La sirvienta sujetaba a Holofernes mientras su señora lo degollaba limpiamente, o sea, de un tajo de su corta y ancha espada que podía calificarse de limpio por lo decidido, lo tajante, justamente, aunque produjera borbotones de sangre que ensuciaban las sábanas del lecho instalado en la tienda de campaña del general enemigo de los judíos.”
Este pasaje está extraido de Veinte años y un día, uno de los pocos libros que Jorge Semprún escribiera en castellano. Con motivo de su fallecimiento se ha publicado estos días un amplio recordatorio de su obra, escrita siempre alrededor de esa terrible experiencia que fue el internamiento en Buchenwald. En los próximos días iré poniendo entradas con entrevistas donde el propio Semprún cuenta mucho de todo ello; ahora me interesa hablar un poco de la pintura en sus novelas.
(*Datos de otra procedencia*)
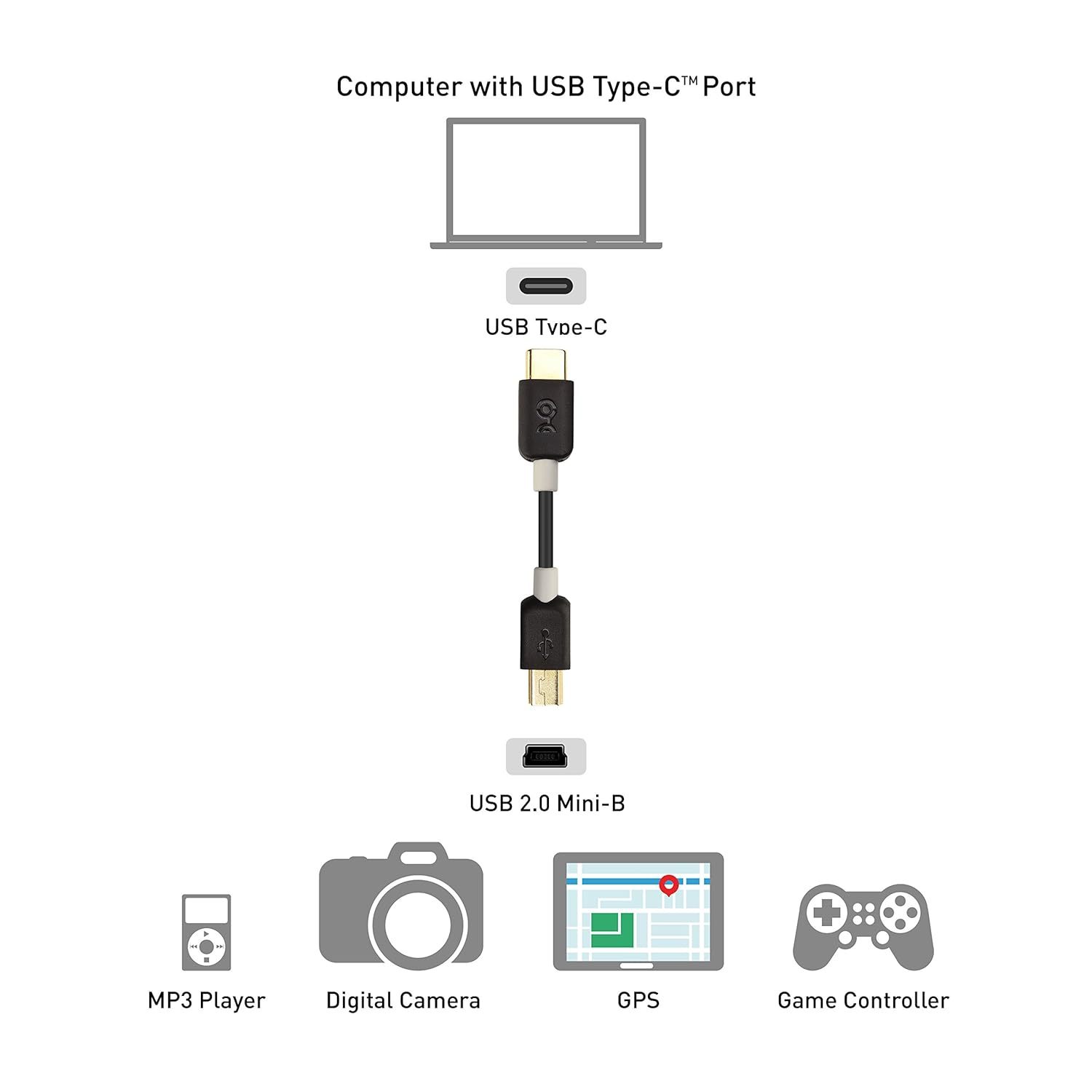 Oem Verizon Mini Usb Data Cable - Universal Charge/sync Mini Usb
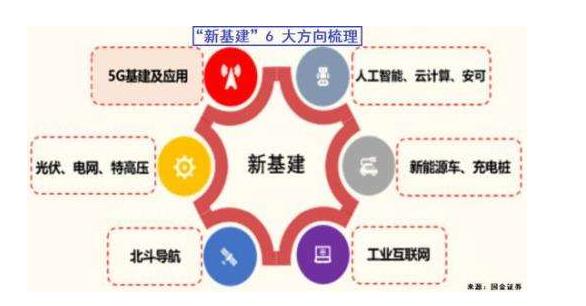 京东集团：新基建将重塑供应链、物流效率的生产方式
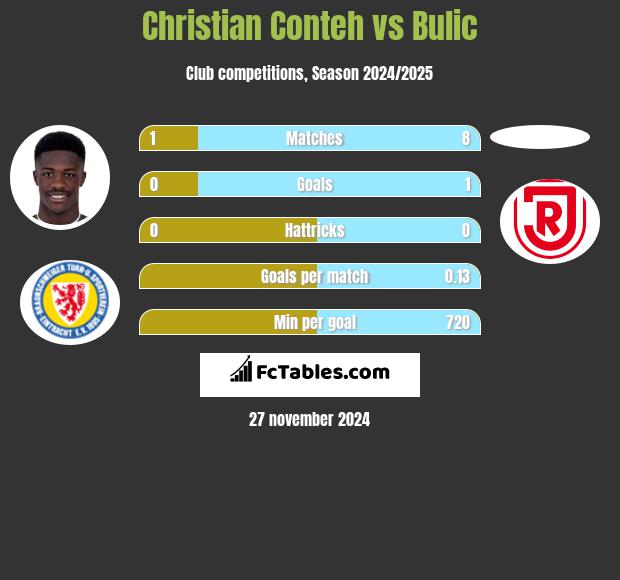 Christian Conteh vs Bulic h2h player stats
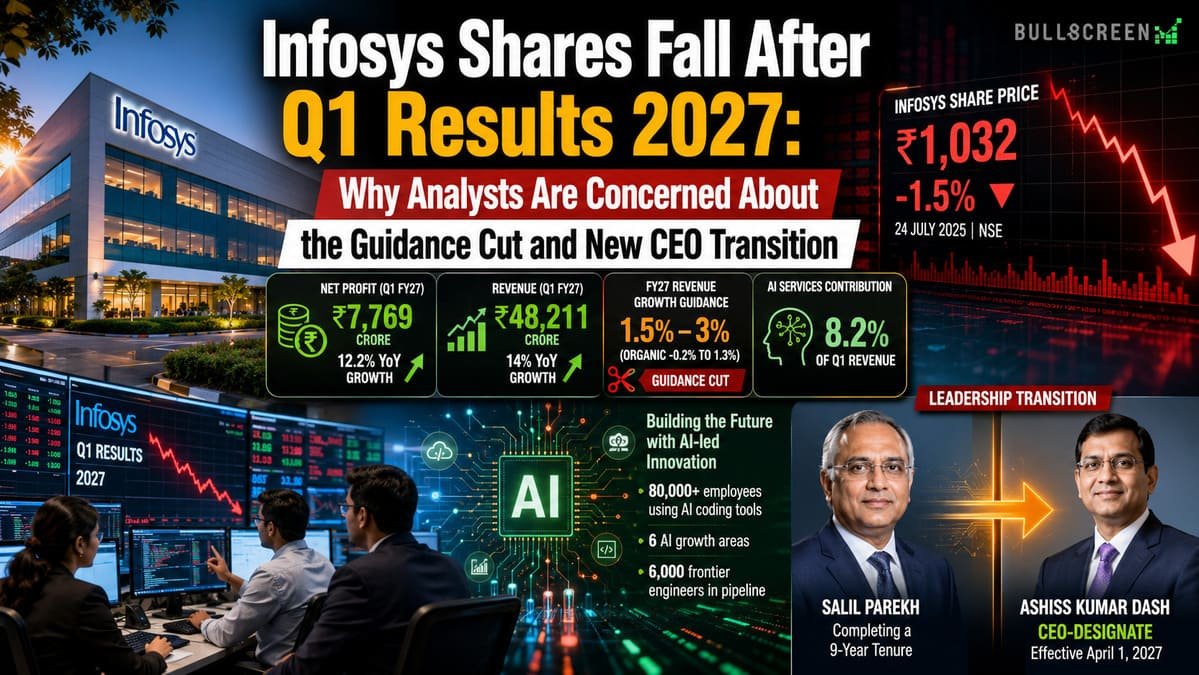 Infosys Shares Fall After Q1 Results 2027: Why Analysts Are Concerned About the Guidance Cut and New CEO Transition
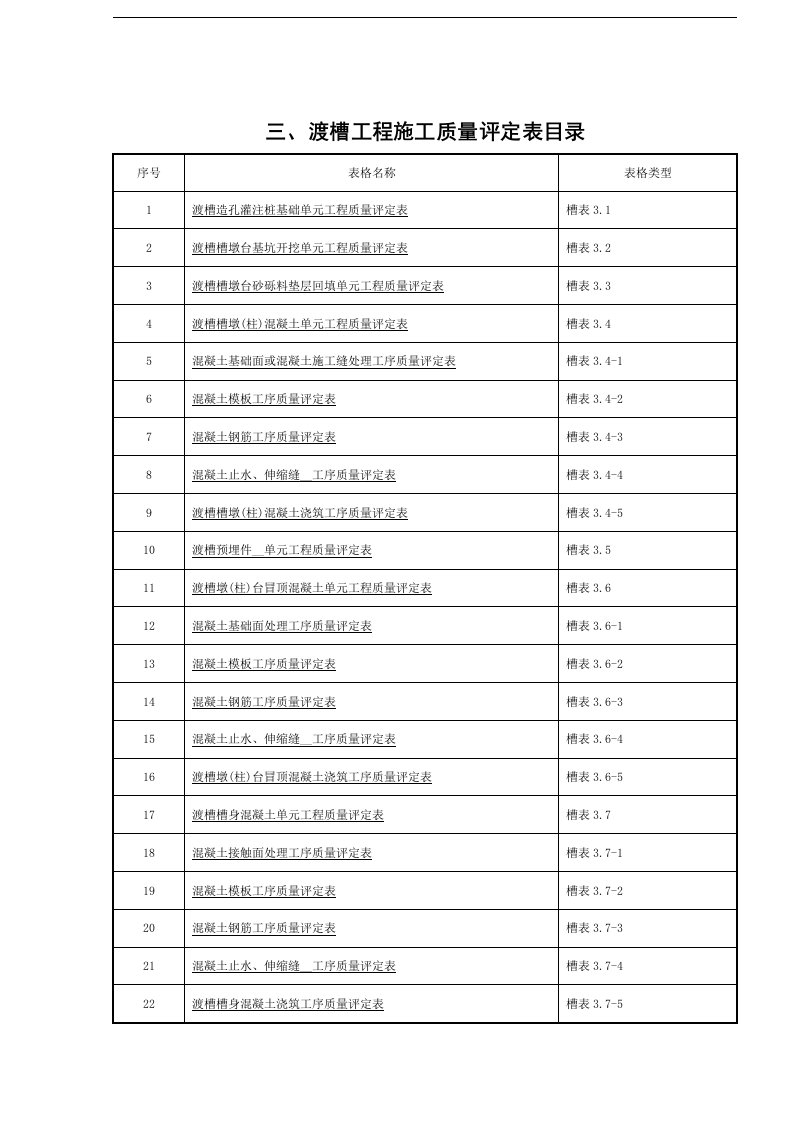 渡槽工程质量评定表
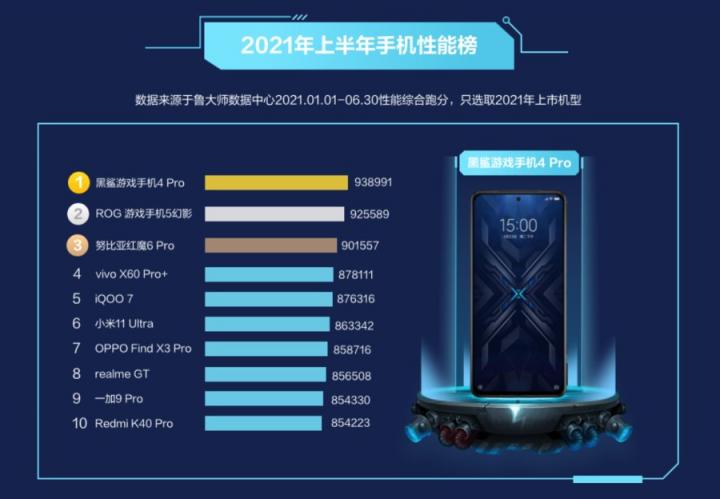 魯大師2021半年報(bào)手機(jī)排行：驍龍888旗艦霸榜，鴻蒙OS首次上榜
El pasaje anterior nos remite a un cuadro de Artemisia Gentileschi que yo he visto en una copia de la propia Gentileschi que existe en la galería de los Uffizi en Florencia. El cuadro está, con buen criterio, en la misma sala que Caravaggio, con lo que uno puede ir a la galería de los Uffizi y darse el lujo de pasar todo el tiempo en una sola sala y disfrutar un buen rato.
Pero hay más pintura en la obra de Semprún. En “Adiós luz de veranos…” habla de su estancia en La Haya durante la guerra en España (su padre fue agregado cultural de la embajada o algo parecido). Cuenta que mientras su familia utilizaba la mañana de los domingos para ir a misa, él se escapaba para ir al Mauritshuis, un museo donde se puede admirar entre otras cosas a Vermeer. Yo leí esta obra cuando vivía en Holanda, precisamente cerca de La Haya, e imité más de una vez a Semprún acercándome en domingos lluviosos al Mauritshuis, desde entonces uno de mis museos preferidos.
Siendo ministro de Cultura tuvo el proyecto de juntar Velázquez, Goya y el guernica de Picasso, pero nunca lo pudo llevar a cabo. De ello habla largamente en Federico Sánchez se despide de ustedes. No voy a ponerme ahora pesado con hablar de la obra de Semprún, pero si el lector ha llegado hasta aquí y todavía no ha leido nada de Semprún, hago mía la recomendación aparecida el viernes en Le Monde y le empujo a empezar por La escritura o la vida. Yo empecé por ahí hace quince años y todavía leo y releo a Semprún.